> **Data below**:
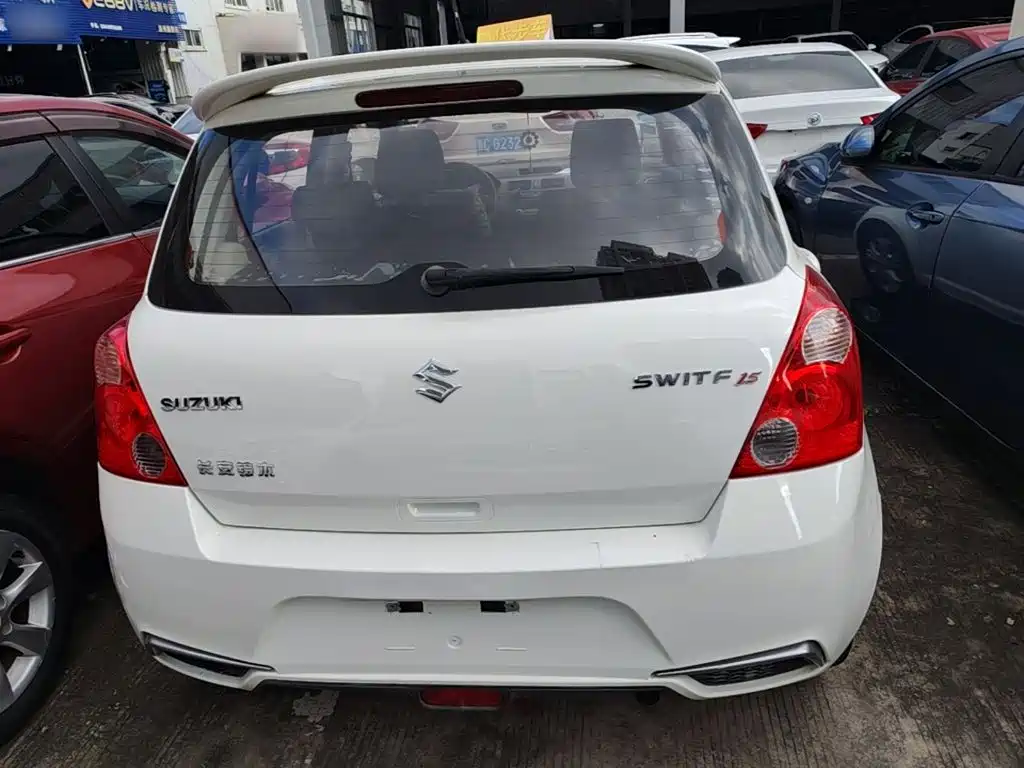 Suzuki Swift 2016 — фото 6
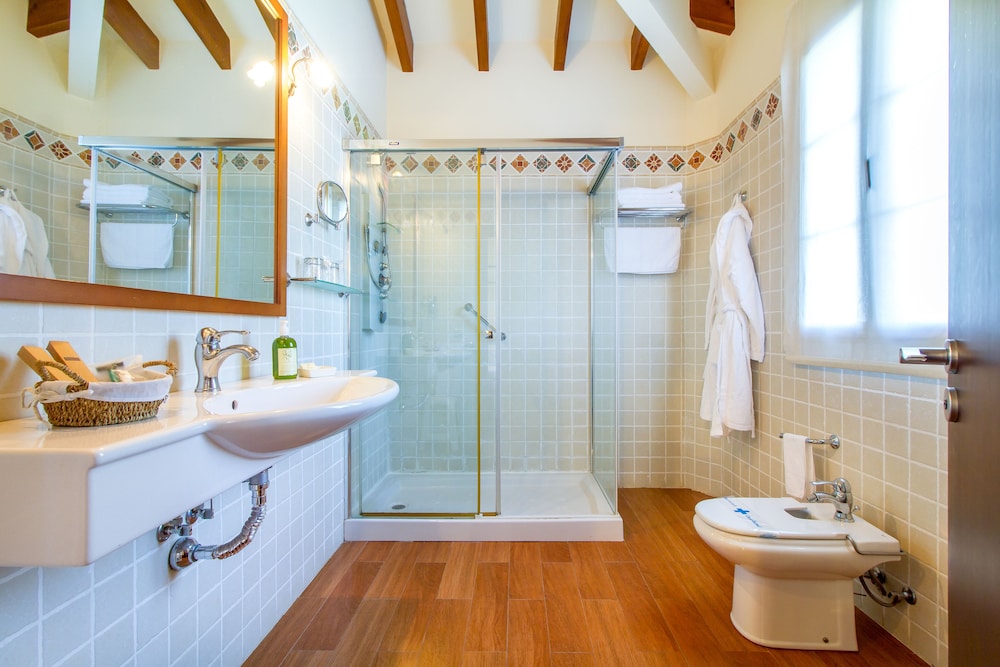 Classic Double Room - Photo 7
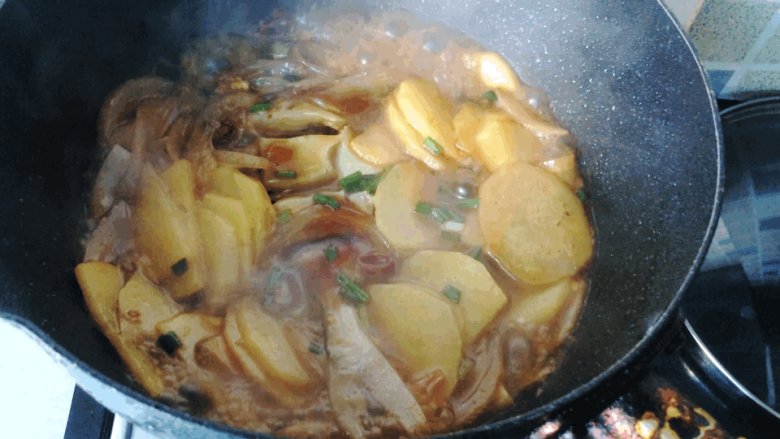 土豆烧鲳鱼,最后放一点盐，大火收汁。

> **Assignment**: Output the data exactly as it appears. The pictures do not belong in it.

> **Answer section**:
 Suzuki Swift 2016 — фото 6
 Classic Double Room - Photo 7
 土豆烧鲳鱼,最后放一点盐，大火收汁。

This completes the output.